Лалла невидящими глазами смотрела на свой портрет.

– А потом ты приобрел вот это…

Он кивнул:

– Да. Перед самым отъездом в Америку я был приглашен в дом к одному хорошему приятелю. Он показывал мне прекрасную частную коллекцию, и среди картин я вдруг увидел эту. Друг сказал мне, что приобрел ее совсем недавно. Сначала я был поражен и даже удручен, что ты выставляешь свои прелести напоказ другим мужчинам, тогда как раньше тело твое принадлежало только одному мужчине – мне. Поэтому я решил, что обязан купить этот портрет. К счастью, никто из моих парижских друзей не знал о нашей прежней связи, и товарищ легко уступил мне картину.
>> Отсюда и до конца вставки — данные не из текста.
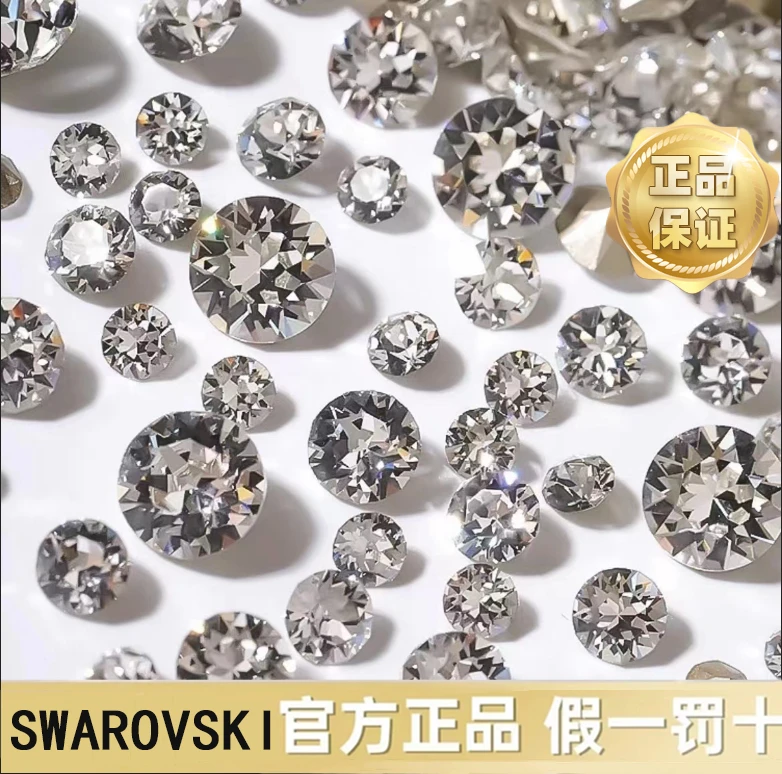 奥地利正品华子 尖底圆钻 1088 混装（6mm）多色超闪高品质美甲钻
Лалла в недоумении покачала головой:

– Но Дейзи никогда не говорила мне, что у тебя есть этот портрет.

Грей глубоко вздохнул. Тишина комнаты становилась угрожающей.

– Моя сестра не знает о нем, – наконец сказал он, понизив голос. – И никто в целом свете не знает. Я переправил его втайне от всех и собственноручно водрузил на стену. Ни один человек не входил в мою комнату с тех пор, даже горничная с ведром и тряпкой. Единственный ключ я держу у себя.

– Но почему, Грей?

– А как ты себе представляешь: респектабельный женатый джентльмен держит взаперти в тайной комнате портрет своей бывшей любовницы, да еще в обнаженном виде? Хороша история!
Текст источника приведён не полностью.